> _PROBLEM REQUIREMENTS_
Please quote exactly the lines below from the line containing "Laptop Dust Plug" to the line containing "RHYTHM BLACK Oblong", both lines included, and nothing else.
══ PROVIDED INFORMATION ══
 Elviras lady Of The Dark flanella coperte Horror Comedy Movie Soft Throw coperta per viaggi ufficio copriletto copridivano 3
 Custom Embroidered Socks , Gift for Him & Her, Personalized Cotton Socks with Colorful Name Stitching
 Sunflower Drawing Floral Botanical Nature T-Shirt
═══
══ PROVIDED INFORMATION ══
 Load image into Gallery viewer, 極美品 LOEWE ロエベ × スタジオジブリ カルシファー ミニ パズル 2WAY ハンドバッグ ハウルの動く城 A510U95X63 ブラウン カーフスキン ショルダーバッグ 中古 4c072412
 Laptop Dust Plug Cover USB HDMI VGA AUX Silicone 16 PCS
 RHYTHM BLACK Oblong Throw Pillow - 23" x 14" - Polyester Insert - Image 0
═══
══ PROVIDED INFORMATION ══
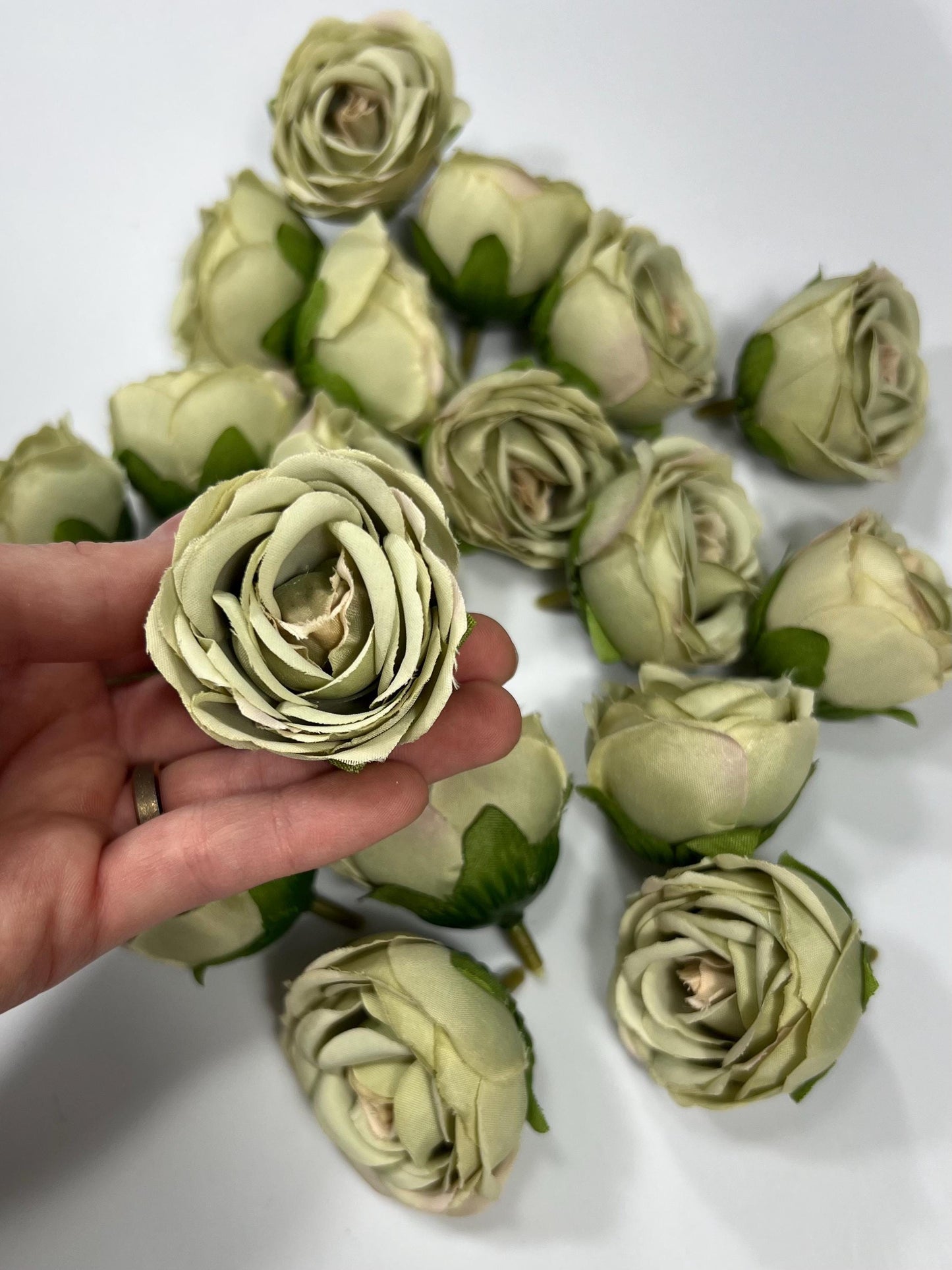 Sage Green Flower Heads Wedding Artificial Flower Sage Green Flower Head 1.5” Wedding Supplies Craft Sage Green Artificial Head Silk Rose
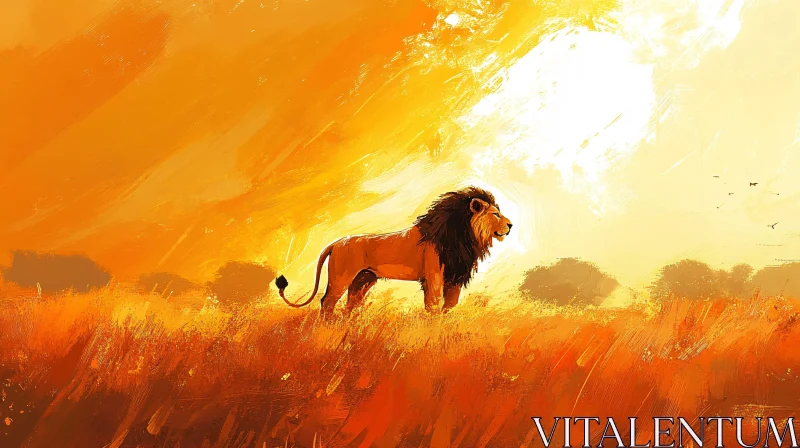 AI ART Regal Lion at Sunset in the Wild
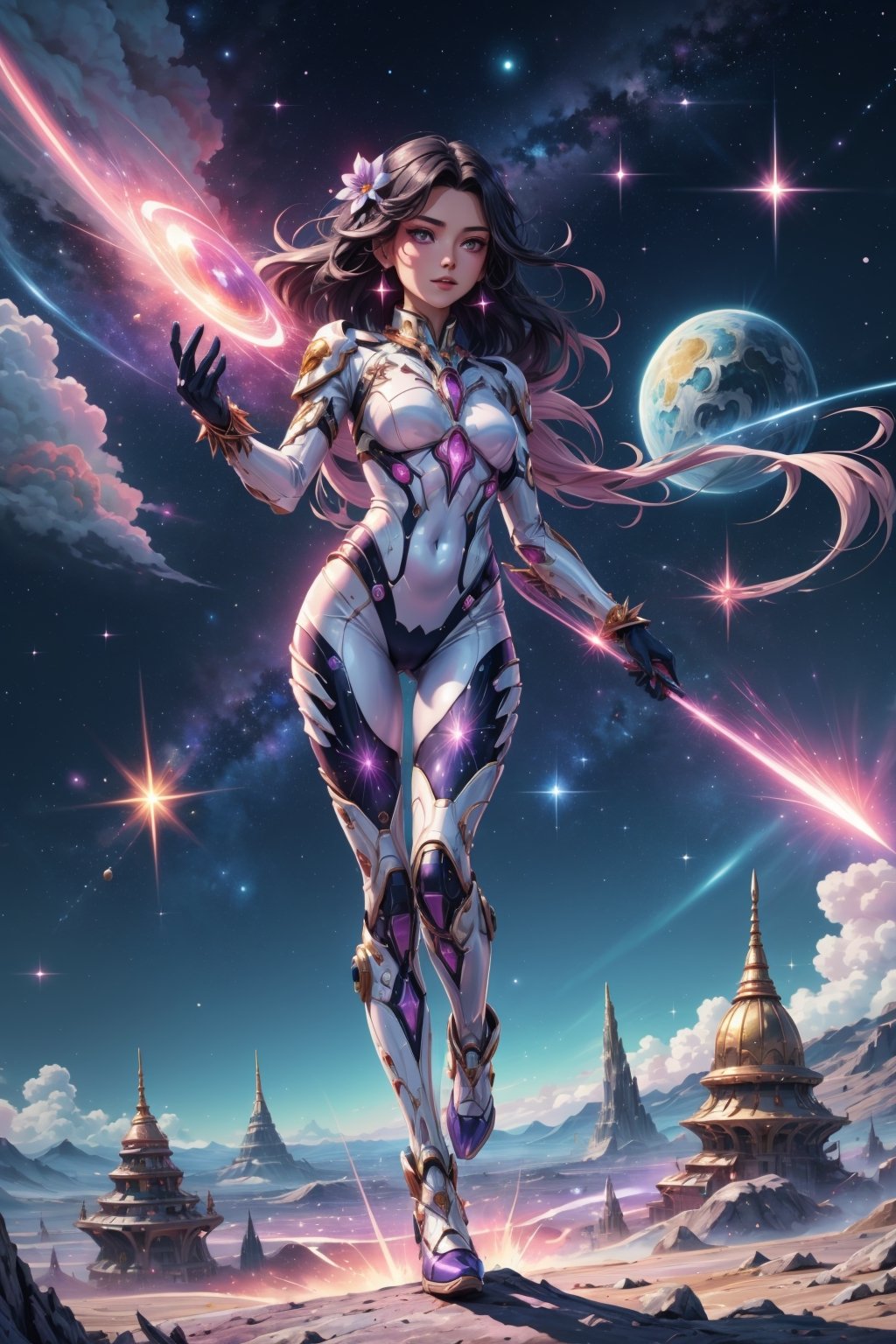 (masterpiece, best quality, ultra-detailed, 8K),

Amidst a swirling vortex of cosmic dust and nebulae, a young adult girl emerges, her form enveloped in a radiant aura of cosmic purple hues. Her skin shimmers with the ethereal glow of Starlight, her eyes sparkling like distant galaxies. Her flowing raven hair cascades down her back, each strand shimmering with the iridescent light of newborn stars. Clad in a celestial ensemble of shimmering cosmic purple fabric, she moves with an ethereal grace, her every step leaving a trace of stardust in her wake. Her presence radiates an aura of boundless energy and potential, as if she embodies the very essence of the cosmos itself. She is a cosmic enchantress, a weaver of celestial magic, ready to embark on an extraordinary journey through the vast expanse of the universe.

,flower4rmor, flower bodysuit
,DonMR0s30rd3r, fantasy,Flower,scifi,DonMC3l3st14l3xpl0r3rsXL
═══
> _EXERCISE ANSWER_
 Laptop Dust Plug Cover USB HDMI VGA AUX Silicone 16 PCS
 RHYTHM BLACK Oblong Throw Pillow - 23" x 14" - Polyester Insert - Image 0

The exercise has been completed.